Available Linguistic Resources for Bulgarian
The following linguistic resources for Bulgarian are available.
If you couldn’t download some of the available resources, please, send an e-mail to us and we will send to you a copy of the corresponding resource.
- Frequency list. A frequency list of the first 100 000 Cyrillic tokens in the archive are available here: BTB-FreqList in UTF-16. Free for research purposes.
- Stopword list. A stopword list based on the archive are available here: BTB-StopWordList in UTF-16. Free for research purposes.
- Morphological analyzer – Slovnik. This is a system for morphological analyses and generation based on (Popov, Simov, Vidinska 1998) developed by Ognyan Chernokozhev and Atanas Kiryakov at OntoText Lab. The system recognizes the wordforms of more than 110 000 Bulgarian lexemes and assigns to them the appropriate morphosyntactic characteristics. You could try the demo version of Slovnik.
We also implemented our own morphological analyzer within the CLaRK System in the form of a finite-state grammar.
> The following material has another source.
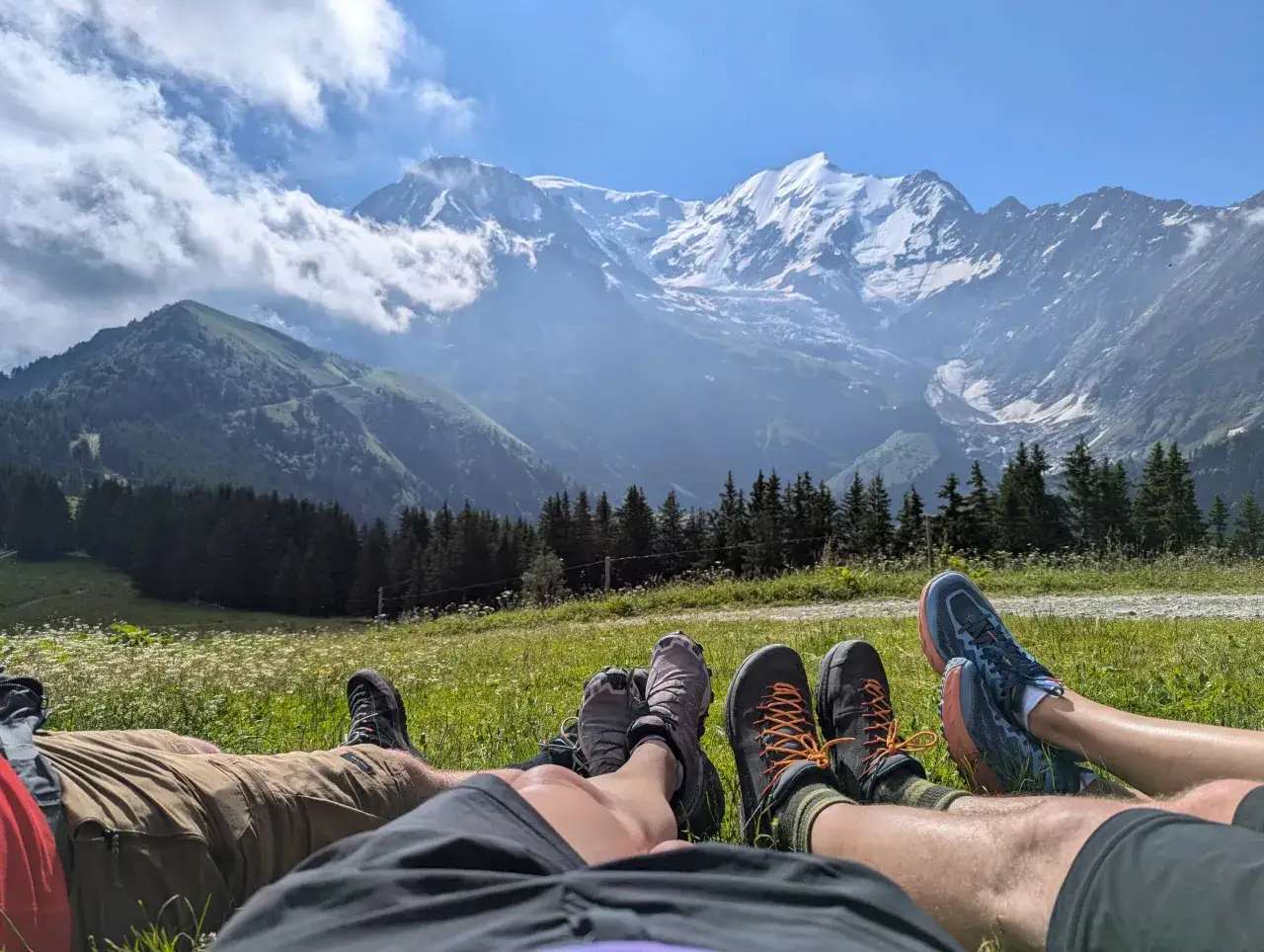 Odpoczynek po trekkingu na Tour du Mont Blanc. Widok na ośnieżone szczyty i zielone doliny.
- Neural Network MorphoSyntactic disambiguator for Bulgarian. This system was developed under the CLaRK Programme by Stanislava Vlaseva, Petya Osenova, and Kiril Simov. Currently we have a corpus of about 2600 sentences extracted from newspapers, narratives and textbooks which demonstrate some of the most frequent ambiguities on the morphosyntactic level. We have trained a neural network on the basis of 1500 sentences given in different order and with different number of ambiguous words. The resulting network predicted the right part-of-speech for 95.25% of the words in the rest of the sentences in the corpus. Therefore the accuracy on the morphosyntactic level is 93.17%.
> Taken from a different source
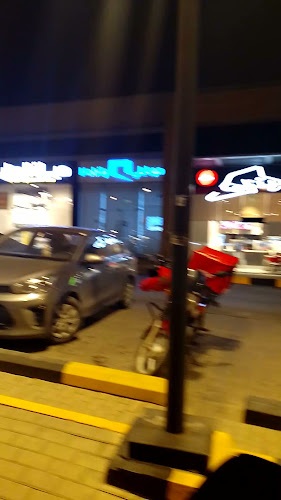 Opinii despre بيتزا هت în الرياض - الضيافة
An extraction from this corpus of Bulgarian sentences marked-up with part of speech information can download from here:
BTB-POS Corpus I (324 011 bytes) – ISO 8879:1986 encoding of the cyrillic letters (entities).
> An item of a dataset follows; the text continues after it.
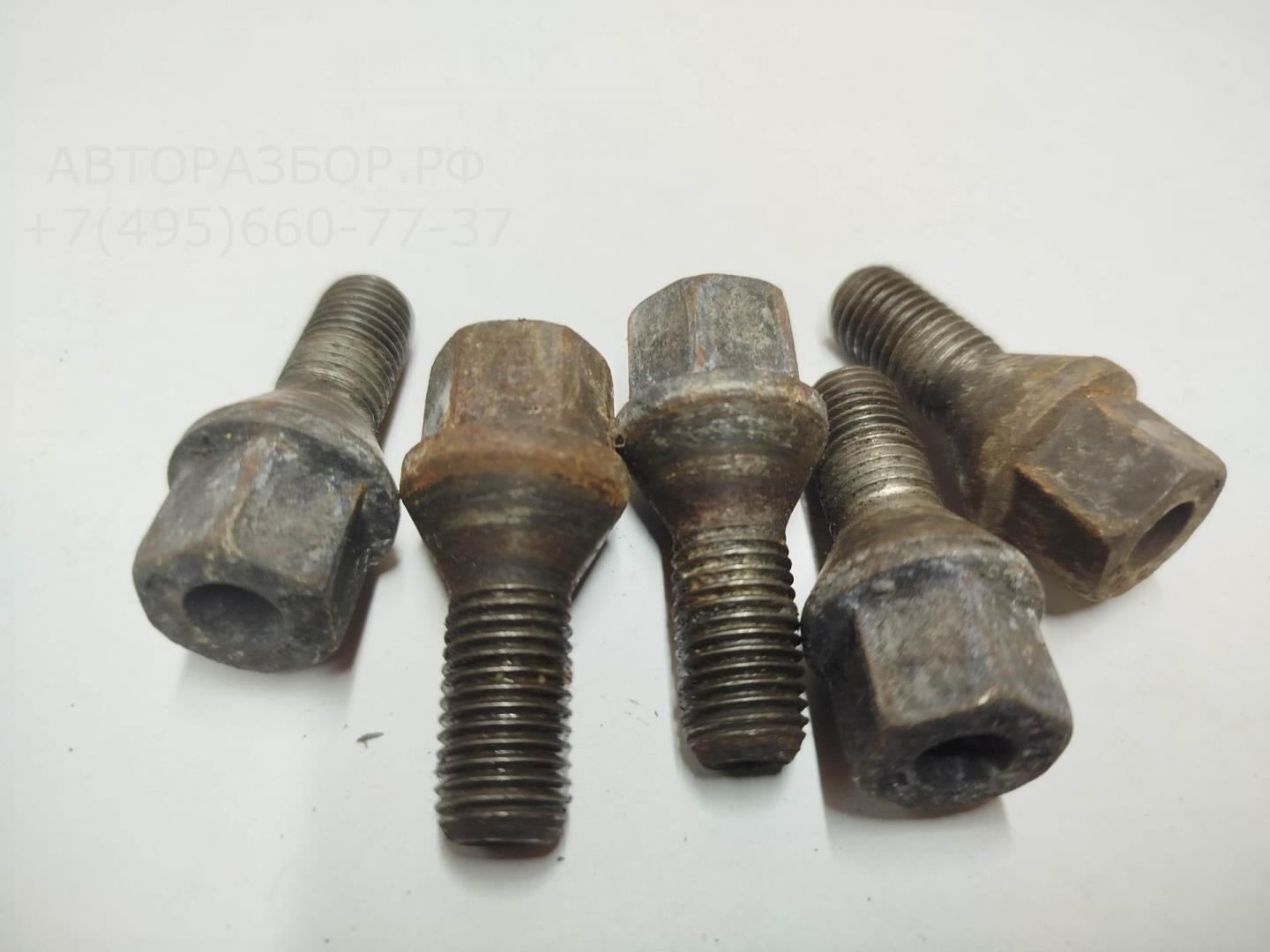 Болт колесный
BTB-POS Corpus I (306 966 bytes) – MS Windows encoding of the cyrillic letters.
BTB-POS Corpus I (246 964 bytes) – Unicode encoding of the cyrillic letters.
5. Bulgaria National Reference Corpus. We have collected mainly from the Internet a set of Bulgarian texts. These cover more than 400 000 000 tokens. We are converting them in TEI (see (Text Encoding Initiative 1997)) compatible XML markup on the paragraph level. We intend to mark them up with morphological information using a morphological tagger developed under BulTreeBank Project based on Popov, Simov, Vidinska 1998 and the corpora development tools implemented under the CLaRK Programme: CLaRK System. 50% of the texts come from fiction, 30% from newspapers, 10% from legal texts and government texts and 10% from other genres.
The Bulgarian National Reference Corpus is continuously updated with new texts.
Some text available for research purposes.